Retainage is required on almost all construction projects.  Retainage in a construction contract allows the developer to withhold a portion of each progress payment to the contractor until the project is complete.  Retainage is basically a form of insurance to the developer because there is a strong financial incentive for the contractor to complete the work even though it is only a small percentage withheld from each payment. 

Retainage for public construction projects is often governed by local laws. 

For example say a new Maryland government building needs to be constructed.  A general contractor earns $5,000 upon pouring the foundation, plus $15,000 upon completion of the frame, plus $10,000 upon completion of the roof. Of each payment, normally 10% is held back by the developer as retainage. In Maryland, the retainage is paid when the project is completed. 

A Maryland law decreased the required retainage from 10% to 5% on public construction projects, but requires the contractor to furnish payment and performance bonds.  The American Subcontractors Association (ASA) of Baltimore fought for the passing of this bill. 

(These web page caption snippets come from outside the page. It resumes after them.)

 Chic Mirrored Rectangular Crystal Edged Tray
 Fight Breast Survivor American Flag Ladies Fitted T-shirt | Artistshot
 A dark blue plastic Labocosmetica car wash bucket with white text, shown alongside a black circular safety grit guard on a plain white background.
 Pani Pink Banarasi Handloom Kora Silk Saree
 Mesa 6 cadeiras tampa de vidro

The ASA recognizes that retainage is important in construction law and construction contracts.  However, some contractors often have to wait years for final payment because retainage is not paid until the project is done.  Contractors and subcontractors who finish projects in a timely manner and “early finishing trades” like excavators and site work contractors have been hurt by higher retainage percentages.   This law provides a great financial benefit to constructors of all public buildings in Maryland because it will increase the necessary cash flow to permit on-going operations.